Wie „Geständnisse“ erlangt werden.

      Die GPU hat viele Methoden, um aus ihren unschuldigen Opfern Geständnisse herauszupressen. Eines Tages wurde ich der „Stehprobe“ unterworfen. In unserer Zelle waren einige Männer, die sie hatten machen müssen. Einer, ein Graveur P., über 50 Jahre alt und stark gebaut, musste sechseinhalb Tage stehen. Er bekam weder zu essen und zu trinken, noch war ihm das Schlafen erlaubt. Er wurde nur einmal des Tages in den Abort geführt; aber er „bekannte“ nicht. Nach dieser Prüfung war er nicht imstande zu seiner Zelle zurückzugehen, und der Wächter schleppte ihn die Stufen hinauf. Der Ingenieur L., 60 Jahre alt, musste 42 Tage stehen und unterzeichnete schliesslich das „Geständnis“. „Nun, es ist interessant, sich selbst zu prüfen,“ dachte ich, als ich im Korridor vor der Tür des Untersuchungszimmers stand. Aber ich brauchte dort nur zwei Stunden zu stehen, und als ich dann doch verstockt blieb, wurde ich in die Zelle zurückgeführt mit der Drohung, dass ich hingerichtet werden würde. Die meisten Gefangenen werden mit der Hinrichtung bedroht, und eine grosse Anzahl wird in Einzelzellen gehalten und ihnen wird jegliche Verbindung mit der Aussenwelt abgeschnitten, jegliche Leibesbewegung und alle Bücher über ein Jahr lang entzogen.

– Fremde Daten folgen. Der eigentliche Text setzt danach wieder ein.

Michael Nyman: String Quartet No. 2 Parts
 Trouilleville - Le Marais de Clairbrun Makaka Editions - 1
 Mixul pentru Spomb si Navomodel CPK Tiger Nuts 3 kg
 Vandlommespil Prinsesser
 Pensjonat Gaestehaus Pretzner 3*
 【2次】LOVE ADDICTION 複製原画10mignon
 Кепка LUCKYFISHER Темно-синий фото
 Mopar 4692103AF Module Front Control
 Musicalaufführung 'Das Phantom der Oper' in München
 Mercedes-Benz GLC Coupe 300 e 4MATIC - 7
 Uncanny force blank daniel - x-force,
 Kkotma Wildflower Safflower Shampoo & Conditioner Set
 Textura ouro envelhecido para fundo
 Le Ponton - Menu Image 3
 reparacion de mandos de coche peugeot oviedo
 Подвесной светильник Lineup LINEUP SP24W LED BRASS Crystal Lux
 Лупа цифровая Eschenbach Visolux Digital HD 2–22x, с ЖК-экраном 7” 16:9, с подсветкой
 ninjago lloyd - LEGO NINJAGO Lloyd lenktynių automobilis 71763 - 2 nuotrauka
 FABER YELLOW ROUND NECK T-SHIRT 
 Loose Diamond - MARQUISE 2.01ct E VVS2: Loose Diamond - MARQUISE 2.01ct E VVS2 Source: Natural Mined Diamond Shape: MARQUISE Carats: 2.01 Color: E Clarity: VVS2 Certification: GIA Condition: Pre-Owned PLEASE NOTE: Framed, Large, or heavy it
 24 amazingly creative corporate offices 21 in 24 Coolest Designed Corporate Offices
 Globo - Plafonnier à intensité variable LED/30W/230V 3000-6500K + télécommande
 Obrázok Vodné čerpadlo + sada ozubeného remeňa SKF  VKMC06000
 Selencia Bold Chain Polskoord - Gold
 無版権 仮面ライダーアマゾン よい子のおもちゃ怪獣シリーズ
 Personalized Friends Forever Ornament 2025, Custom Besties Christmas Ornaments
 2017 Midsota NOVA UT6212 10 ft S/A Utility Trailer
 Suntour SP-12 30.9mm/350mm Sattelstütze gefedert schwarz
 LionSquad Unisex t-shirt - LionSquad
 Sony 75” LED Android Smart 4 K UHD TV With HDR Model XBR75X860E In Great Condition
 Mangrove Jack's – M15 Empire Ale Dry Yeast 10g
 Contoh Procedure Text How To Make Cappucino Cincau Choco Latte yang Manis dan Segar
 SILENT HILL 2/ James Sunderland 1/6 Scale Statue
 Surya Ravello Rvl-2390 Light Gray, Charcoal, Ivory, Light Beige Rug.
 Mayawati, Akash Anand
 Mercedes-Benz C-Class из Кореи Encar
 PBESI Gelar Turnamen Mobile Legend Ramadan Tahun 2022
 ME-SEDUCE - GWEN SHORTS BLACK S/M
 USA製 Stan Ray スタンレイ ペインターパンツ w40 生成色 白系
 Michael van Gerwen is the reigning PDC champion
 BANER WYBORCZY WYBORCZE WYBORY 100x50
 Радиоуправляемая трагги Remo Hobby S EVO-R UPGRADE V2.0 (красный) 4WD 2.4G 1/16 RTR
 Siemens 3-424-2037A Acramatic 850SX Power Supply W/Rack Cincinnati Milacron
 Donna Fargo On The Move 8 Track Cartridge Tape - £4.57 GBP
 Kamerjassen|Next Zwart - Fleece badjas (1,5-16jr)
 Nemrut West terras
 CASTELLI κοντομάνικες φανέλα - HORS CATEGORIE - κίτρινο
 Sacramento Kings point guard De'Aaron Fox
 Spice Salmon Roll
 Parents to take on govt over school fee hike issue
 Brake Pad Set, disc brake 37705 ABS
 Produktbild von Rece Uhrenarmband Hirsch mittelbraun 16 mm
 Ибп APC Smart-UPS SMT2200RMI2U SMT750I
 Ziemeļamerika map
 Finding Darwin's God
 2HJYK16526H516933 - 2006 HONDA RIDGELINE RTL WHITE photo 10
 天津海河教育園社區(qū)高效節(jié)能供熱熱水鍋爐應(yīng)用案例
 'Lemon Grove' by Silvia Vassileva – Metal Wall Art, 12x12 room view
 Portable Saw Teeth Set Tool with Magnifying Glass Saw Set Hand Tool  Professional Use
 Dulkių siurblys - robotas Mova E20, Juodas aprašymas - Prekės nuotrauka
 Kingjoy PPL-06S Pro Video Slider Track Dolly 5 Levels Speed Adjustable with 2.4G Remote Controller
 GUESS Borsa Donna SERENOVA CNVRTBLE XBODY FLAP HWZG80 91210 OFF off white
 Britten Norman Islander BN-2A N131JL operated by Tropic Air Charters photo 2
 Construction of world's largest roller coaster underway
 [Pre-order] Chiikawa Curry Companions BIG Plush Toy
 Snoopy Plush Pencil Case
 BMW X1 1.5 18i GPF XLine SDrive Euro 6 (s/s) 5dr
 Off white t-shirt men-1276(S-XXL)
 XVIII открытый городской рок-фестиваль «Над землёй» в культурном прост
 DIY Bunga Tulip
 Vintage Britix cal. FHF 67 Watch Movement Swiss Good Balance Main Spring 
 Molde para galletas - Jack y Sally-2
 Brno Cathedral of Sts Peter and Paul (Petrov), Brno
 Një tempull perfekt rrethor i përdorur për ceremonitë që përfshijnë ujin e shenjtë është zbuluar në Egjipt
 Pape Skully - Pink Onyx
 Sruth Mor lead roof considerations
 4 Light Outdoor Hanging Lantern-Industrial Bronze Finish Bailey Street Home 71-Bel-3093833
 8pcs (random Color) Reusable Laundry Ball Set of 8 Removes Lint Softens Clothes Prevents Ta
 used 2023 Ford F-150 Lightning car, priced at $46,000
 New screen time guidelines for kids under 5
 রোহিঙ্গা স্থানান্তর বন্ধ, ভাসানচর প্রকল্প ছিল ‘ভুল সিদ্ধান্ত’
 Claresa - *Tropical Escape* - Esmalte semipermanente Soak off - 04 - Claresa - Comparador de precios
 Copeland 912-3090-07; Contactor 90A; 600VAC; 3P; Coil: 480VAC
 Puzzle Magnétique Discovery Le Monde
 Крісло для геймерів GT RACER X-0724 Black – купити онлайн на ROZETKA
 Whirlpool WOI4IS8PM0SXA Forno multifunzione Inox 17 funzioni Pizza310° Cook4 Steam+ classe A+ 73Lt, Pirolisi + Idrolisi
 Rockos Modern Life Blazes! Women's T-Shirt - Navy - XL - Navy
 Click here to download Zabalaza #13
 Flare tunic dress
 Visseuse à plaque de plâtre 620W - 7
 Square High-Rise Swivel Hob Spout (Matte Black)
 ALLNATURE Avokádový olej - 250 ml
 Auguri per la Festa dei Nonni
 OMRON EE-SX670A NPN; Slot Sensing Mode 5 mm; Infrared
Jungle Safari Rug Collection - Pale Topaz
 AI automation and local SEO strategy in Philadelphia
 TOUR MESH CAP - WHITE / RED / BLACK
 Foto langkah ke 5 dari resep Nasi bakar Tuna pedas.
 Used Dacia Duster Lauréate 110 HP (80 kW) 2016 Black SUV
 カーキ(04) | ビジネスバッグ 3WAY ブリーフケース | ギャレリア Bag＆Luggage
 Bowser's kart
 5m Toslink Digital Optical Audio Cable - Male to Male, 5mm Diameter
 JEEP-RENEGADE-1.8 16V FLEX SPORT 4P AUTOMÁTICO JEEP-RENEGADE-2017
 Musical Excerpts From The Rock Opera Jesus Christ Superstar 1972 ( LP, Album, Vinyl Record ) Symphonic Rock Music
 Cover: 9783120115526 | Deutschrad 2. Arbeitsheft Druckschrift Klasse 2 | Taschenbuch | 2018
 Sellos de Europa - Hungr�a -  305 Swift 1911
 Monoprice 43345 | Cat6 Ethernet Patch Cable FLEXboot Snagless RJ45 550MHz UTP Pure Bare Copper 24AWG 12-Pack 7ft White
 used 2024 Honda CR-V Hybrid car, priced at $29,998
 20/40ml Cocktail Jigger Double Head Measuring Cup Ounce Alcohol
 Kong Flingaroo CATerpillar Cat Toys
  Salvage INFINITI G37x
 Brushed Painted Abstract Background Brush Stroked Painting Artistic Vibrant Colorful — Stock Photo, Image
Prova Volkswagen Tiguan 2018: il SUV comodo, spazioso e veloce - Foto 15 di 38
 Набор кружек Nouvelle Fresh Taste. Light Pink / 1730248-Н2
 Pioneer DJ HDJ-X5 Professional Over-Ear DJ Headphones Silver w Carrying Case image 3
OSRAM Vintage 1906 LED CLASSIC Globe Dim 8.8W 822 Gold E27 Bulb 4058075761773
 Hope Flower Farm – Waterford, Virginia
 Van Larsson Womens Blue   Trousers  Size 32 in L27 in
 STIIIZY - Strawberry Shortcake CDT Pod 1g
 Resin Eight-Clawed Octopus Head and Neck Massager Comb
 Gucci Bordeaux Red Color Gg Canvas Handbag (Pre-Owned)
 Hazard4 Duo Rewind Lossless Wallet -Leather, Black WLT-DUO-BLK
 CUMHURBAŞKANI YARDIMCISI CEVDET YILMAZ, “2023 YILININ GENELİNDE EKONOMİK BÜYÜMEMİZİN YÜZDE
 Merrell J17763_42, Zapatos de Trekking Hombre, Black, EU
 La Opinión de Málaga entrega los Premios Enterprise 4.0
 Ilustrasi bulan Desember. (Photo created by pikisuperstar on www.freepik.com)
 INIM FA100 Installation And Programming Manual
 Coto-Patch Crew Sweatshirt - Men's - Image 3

     Häufig droht der Untersuchungsbeamte: „Ich werde Sie in der Läusezelle verfaulen lassen!“ Eines Tages kehrte in unsere Zelle ein alter Juwelier zurück, der vier Tage weg war. Er war in der Läusezelle gewesen. Nach seiner Aussage sind in der Zelle zwei bis dreihundert Personen eingepfercht und müssen dort eng aneinandergepresst stehen. Dazu kommt noch die Qual einer beständigen hohen Temperatur. Jedermann ist mit Läusen bedeckt, und ein Kampf mit ihnen ist unmöglich. In der Zelle ist keine Toilette. Die Gefangenen werden zu dritt unter starker Bewachung hinausgeführt. Männer und Frauen werden zugleich in denselben Abort geführt. Das geht so fort, Tag und Nacht. Die Unterkleidung derjenigen, die einige Tage in der Zelle verbracht haben, ist total verdorben und abgetragen, ihr ganzer Körper ist mit Läusebissen und einem Hautausschlag bedeckt. Die ganze Zelle kann vom Korridor aus übersehen werden. Den Leuten wird diese Zelle gezeigt, ehe sie zur Untersuchung geführt werden, und später, unter Drohung dorthin eingeworfen zu werden, geben sie all ihr Geld, Juwelen – irgendwas ab, um sich vor der Zelle zu retten. Die „nasse Zelle“ war ein anderes Zwangsmittel. Hier war der Fussboden mit Wasser überschwemmt, und das einzige Möbelstück war eine schmale Planke, auf der man eben sitzen, aber nicht liegen konnte. Dort gab es keine sanitären Bequemlichkeiten, und die Gefangenen durften sie unter keinen Umständen oder aus irgendeinem Grunde verlassen. Ihre Füsse mussten fortwährend in dem schmutzigen, faulen, mit Kot gefüllten Wasser stecken. Davon entstanden Geschwüre. Ich kannte einen Gefangenen, der ein falsches Bekenntnis ablegte, nachdem er sechs Tage in dieser „nassen Zelle“ gewesen war. Als ich die „GPU“-Fälle überblickte, welche ich im Gefängnis antraf, kam ich zu dem Schluss, dass ein „Geständnis“ dem Gefangenen keinen Vorteil gibt, weder während der Untersuchung noch später. Nur der Mann selbst, der da weiss, was für Qualen der Untersuchungsrichter für ihn erfunden hat, kann seinen Fall beurteilen. Wie kann man z. B. einen Professor der Schwäche beschuldigen, dass er sich ergab, wenn ihm durch das Pförtchen in der „heissen Zelle“ sein Weib und Tochter gezeigt wurden, wie sie nach Luft schnappten, auf dem Fussboden liegend und ihren Mund an eine Spalte unter der eisernen Tür pressend, um frische Luft einzusaugen?

 

Das Urteil

     Anstatt mich irgendeiner der oben beschriebenen gewaltsamen Methoden zu unterwerfen, hatte der Untersuchungsrichter die Gewohnheit, einmal nur nach zehn Tagen nach mir zu schicken und mich im Untersuchungszimmer vier bis fünf Stunden zu halten. Es war mir ein Rätsel, warum er so lange zögerte.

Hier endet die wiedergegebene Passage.